■ **Exercise directions**
Please print exactly the lines from the one containing "Avviso Domanda Taglio Bosco (Farneto)" through the last line of the records, and only those. Leave out any pictures.

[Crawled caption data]
#####

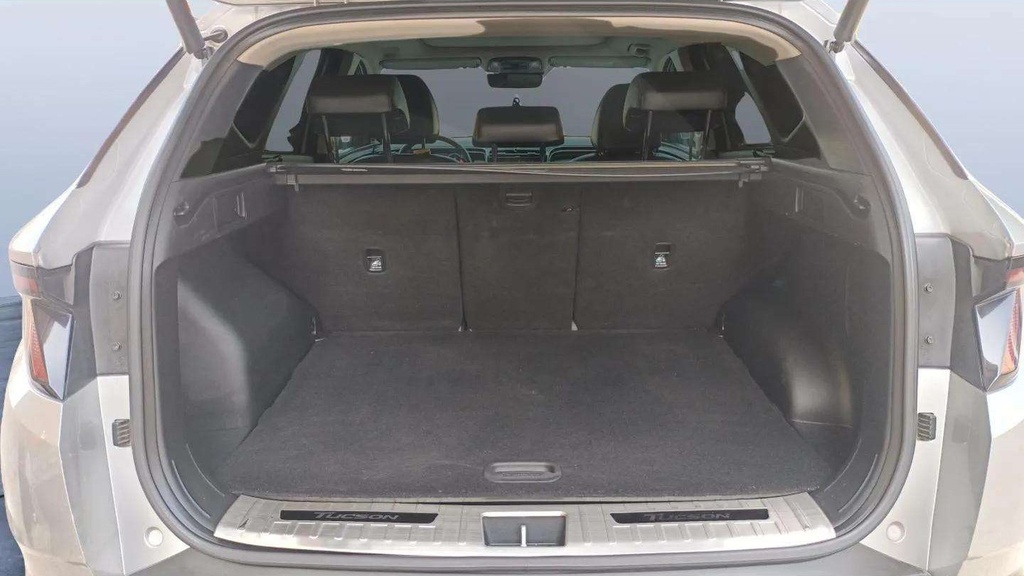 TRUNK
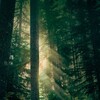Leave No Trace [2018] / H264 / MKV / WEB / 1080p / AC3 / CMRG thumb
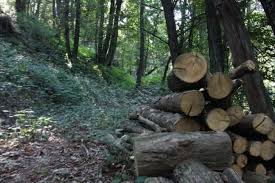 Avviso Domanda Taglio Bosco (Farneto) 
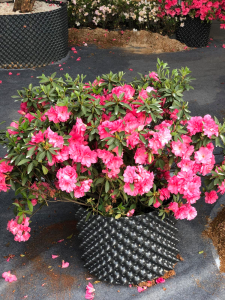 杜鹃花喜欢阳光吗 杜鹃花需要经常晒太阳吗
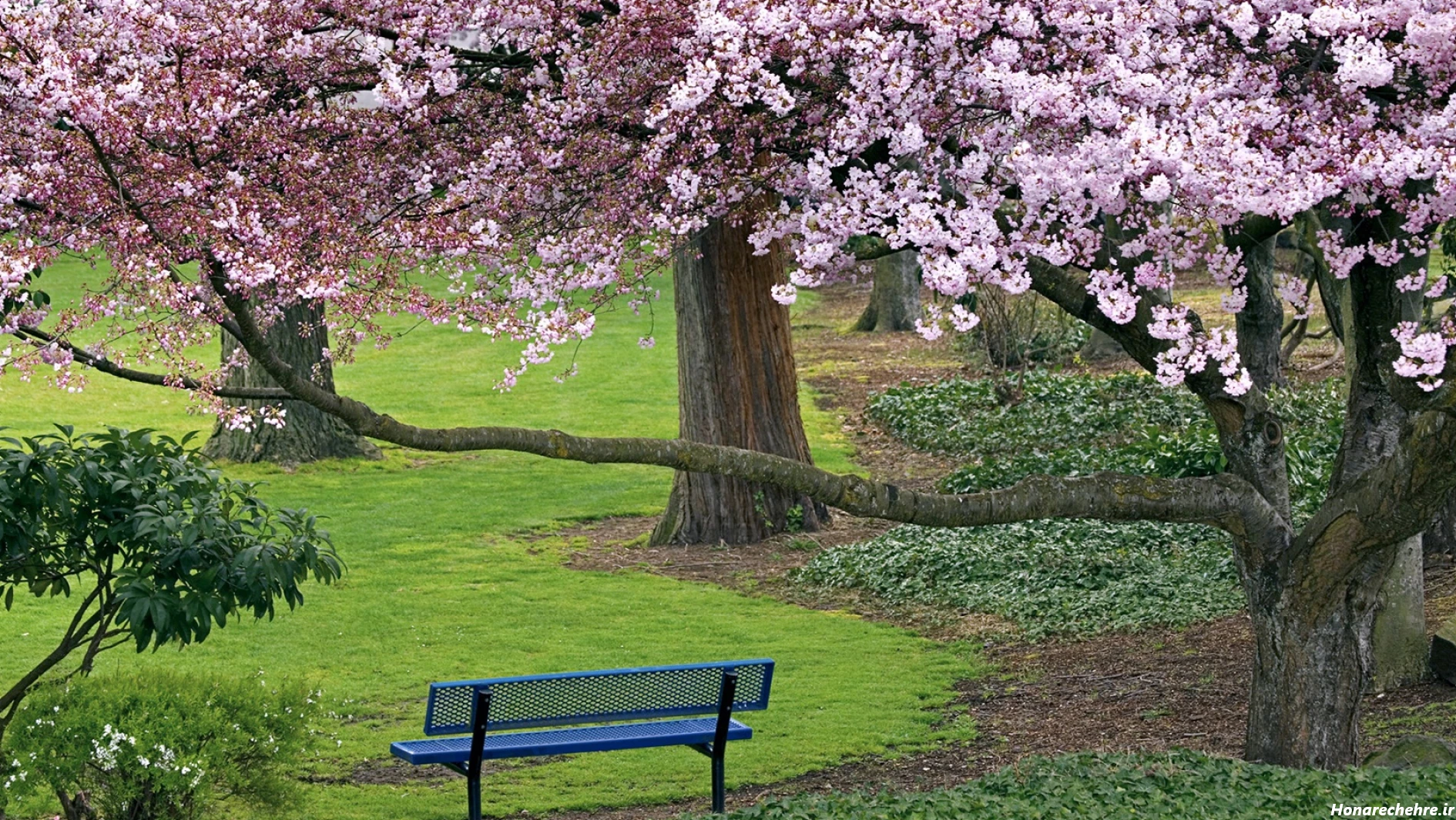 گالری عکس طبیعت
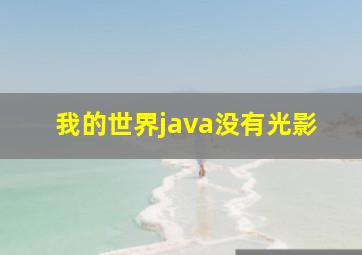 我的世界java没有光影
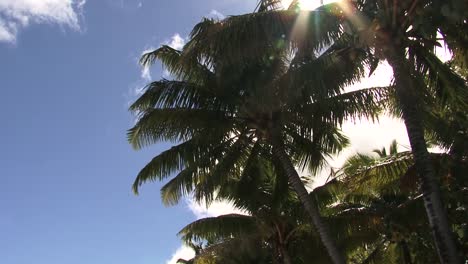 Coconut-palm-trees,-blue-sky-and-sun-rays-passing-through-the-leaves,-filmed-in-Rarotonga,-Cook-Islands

#####

■ **Solution to the problem**
 Avviso Domanda Taglio Bosco (Farneto) 
 杜鹃花喜欢阳光吗 杜鹃花需要经常晒太阳吗
 گالری عکس طبیعت
 我的世界java没有光影
 Coconut-palm-trees,-blue-sky-and-sun-rays-passing-through-the-leaves,-filmed-in-Rarotonga,-Cook-Islands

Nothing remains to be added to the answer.